What incredible sons I have. I'm so proud of them and excited to see them grow.

I'm also feeling that loss many parents describe when their kids' grow out of each stage. I think I was so busy trying to juggle everything that I didn't mark the passing of Alex -- our youngest -- from baby to toddler. But now that he's a toddler and talking a bit, running and communicating and ... I'm realizing that I won't have these little boys for much longer.

I remember saying it was Max and now I feel it again with Alex: I'm going to miss those little sounds. The little pouts or grunts or sweet sighs he makes when he's trying to express himself and can't yet so the words. And I'll especially miss the way he sings 'Nooooooo" when he's playfully telling me he doesn't want what I'm offering (I love that song even when it's a hug he refuses.)

I look at Alex and wonder who it is trapped in that little body and how long it is before the artist, athlete, scholar or whatever takes over. Now he's a bit of all of these things and it's probably the best stage ever. He experiments. He concentrates on one thing one day and he ignores it the next.

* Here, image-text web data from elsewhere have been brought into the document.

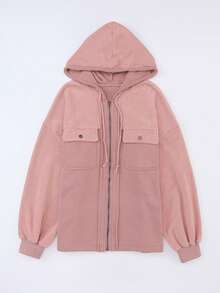 CILKOO Cappotto con cappuccio tasca con patta spalle cadenti con coulisse - Rosa - Visualizzare 10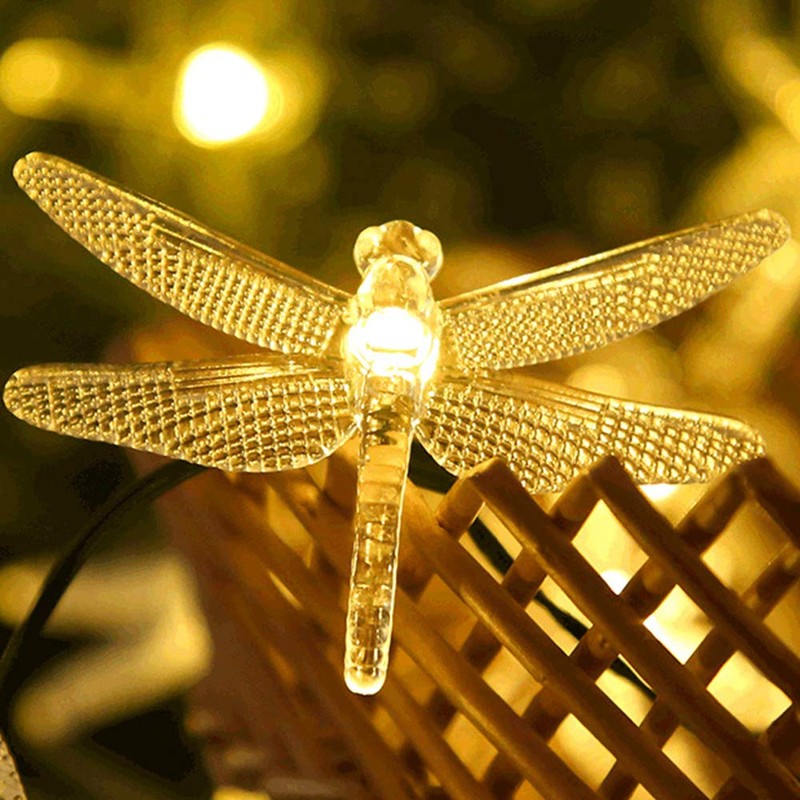 ASFSKY Dragonfly Solar Lights Outdoor 50 LED Dragonfly Lights Waterproof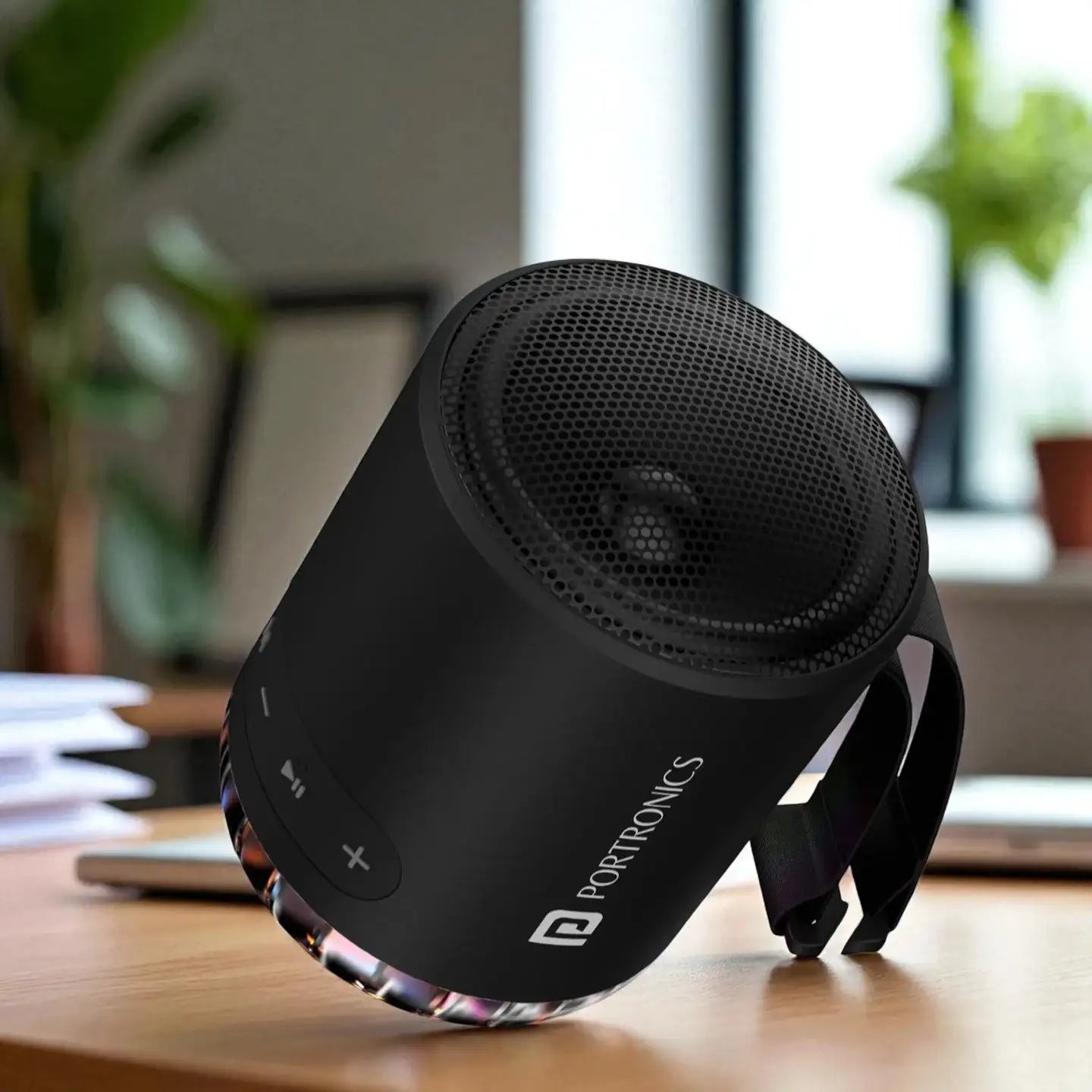 Black portable speaker on a wooden surface 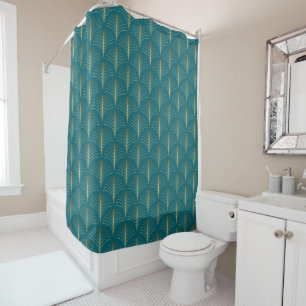 Rideaux De Douche Amateurs d'Art Déco Vintage d'or et de turquoise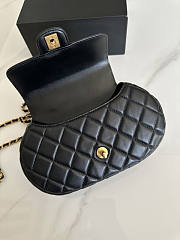 Chanel Flap Bag With Top Handle Black Gold 23.5x13.5x5.5cm - 6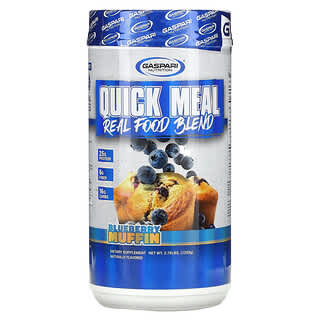 Gaspari Nutrition, Comida rápida, Mezcla de alimentos reales, Muffin de arándanos azules`` 1250 g (2,75 lb)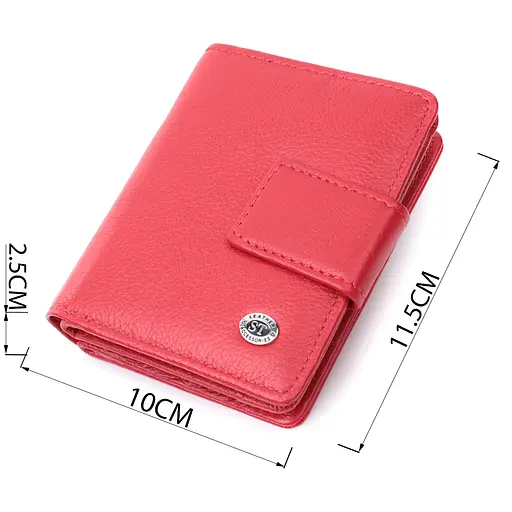Кожаный женский кошелек ST Leather 10х11.5х2.5 см acs0029428 - фото 3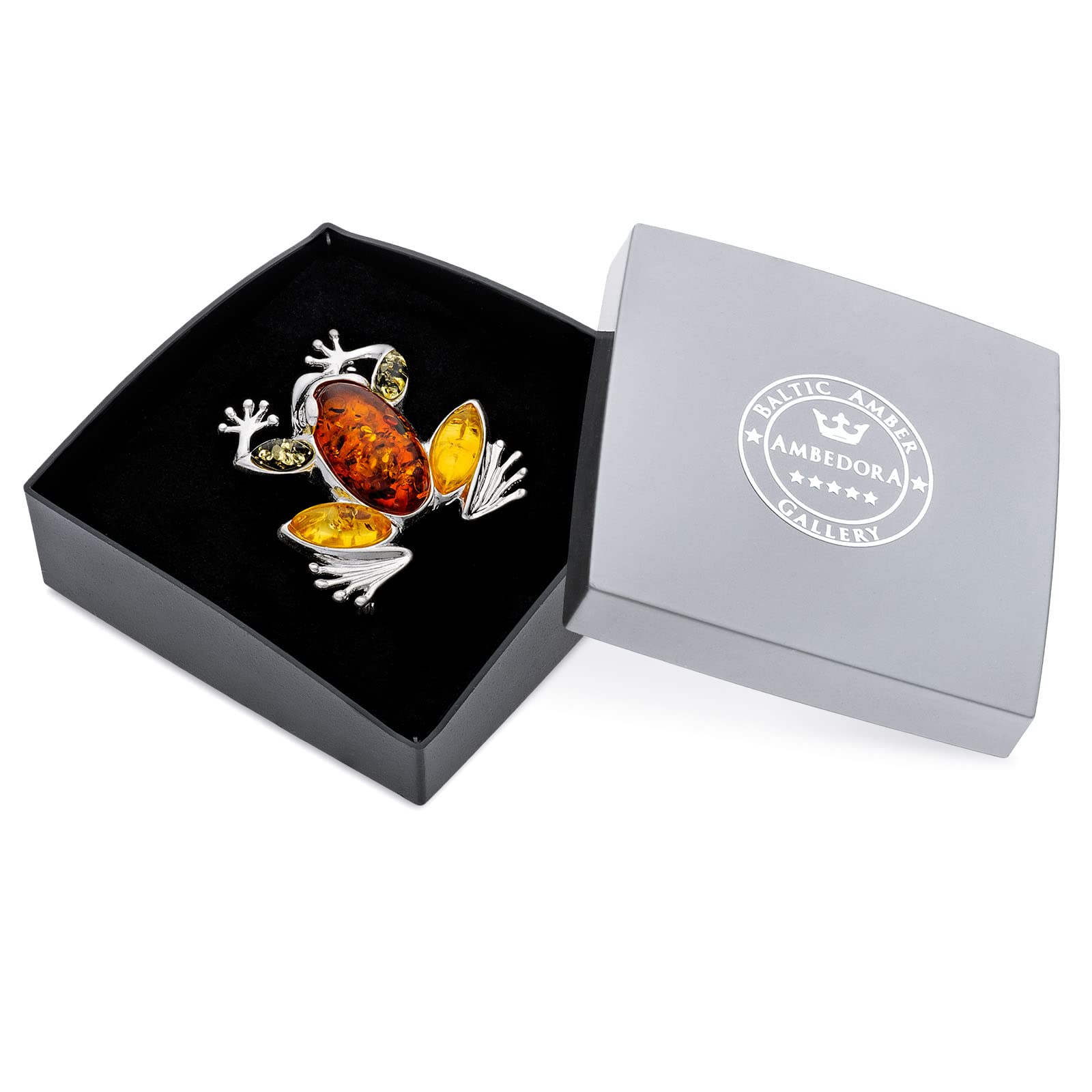 Damenbrosche Sterling Silber glänzend, farbiger baltischer Bernstein, große Froschlein brosche mit Bernstein in drei Farben, Sicherheitsverschluss, Geschenk-Set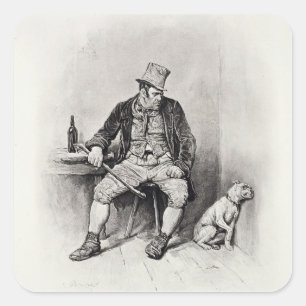 Pegatina Cuadrada Bill Sykes y su perro, de 'Charles Dickens: UN G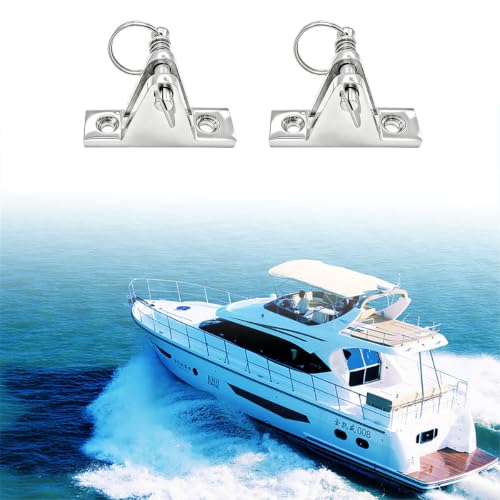 2 Pack 316 Stainless Steel Bimini Top 90° Deck Hinges with Removable Pin - Saltwater Marine Hardware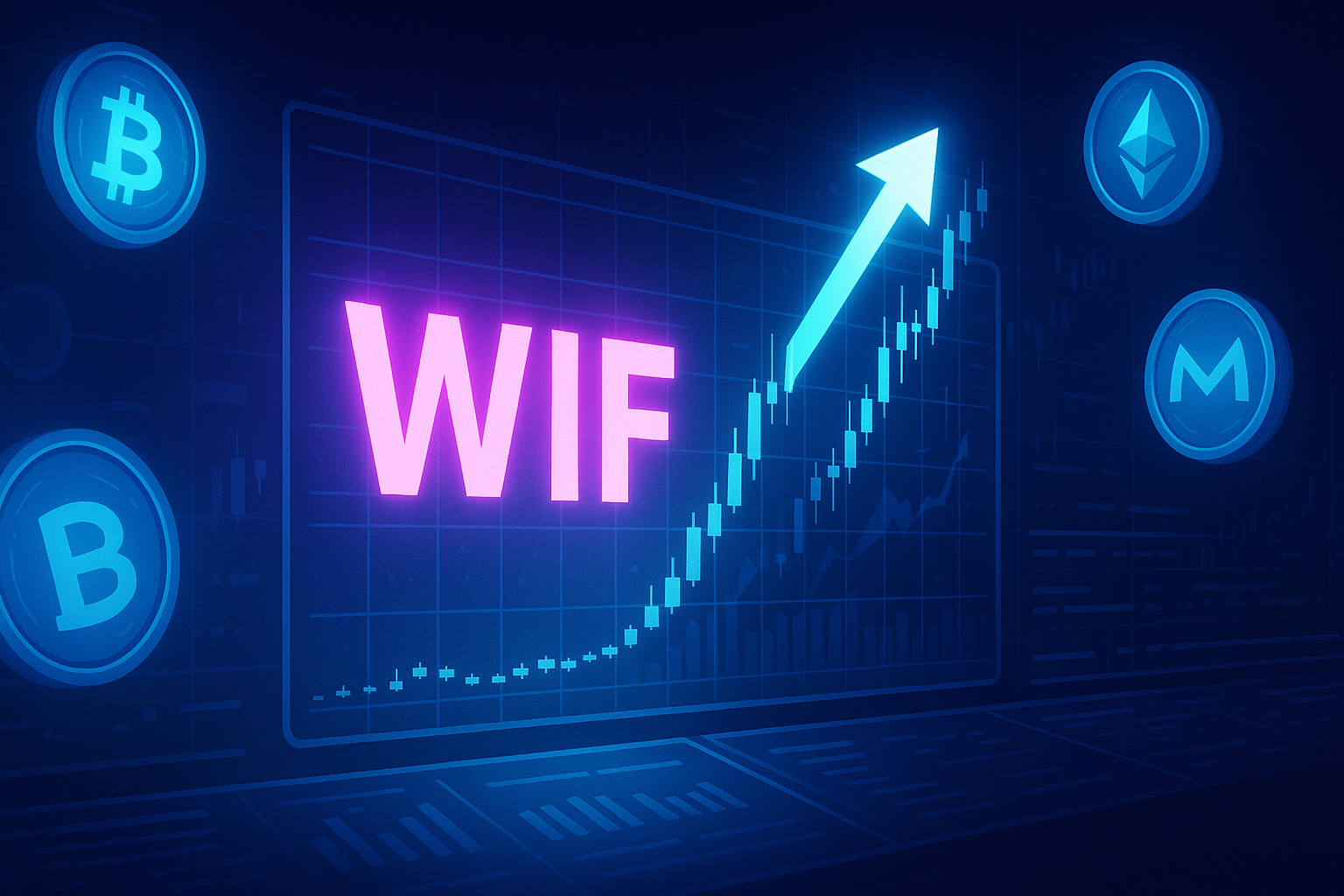 Futuristic crypto terminal showing bullish WIF price surge with major coins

I relate to Alex more and more every day as the second son. I notice sometimes that we're so busy entertaining Max's desires that Alex seems ignored. He doesn't seem unhappy. He finds something to busily entertain himself and he seems perfectly content. He reminds me of me in that sense. I remember disappearing into my imagination or into made up games competing against myself. I wonder if it was my way of dealing with my older, more active, more demanding brother.


I'm not saying that Max (or Kenny) did/do anything wrong. He's older. He's more active. He can express himself more clearly and more loudly. He knows where more things are.

As much as we want our boys to have equal opportunities I realize they won't and don't.
They have different opportunities. That's not good or bad. It just is.

Alex learns so much from Max. He imitates him constantly and he's willing to do anything that Max does. In this sense, Alex has such an advantage.

And Max learns so much from Alex. He is so comforting, so loving and so much a teacher. Just this morning Max was showing Alex picture flash cards and testing Alex to see if he could pronounce the words. In this way, Max has such an advantage.

As I tell Max every day "I love being these boys' father."
And I sure hope that how Max responds today remains so. "I love being your kid."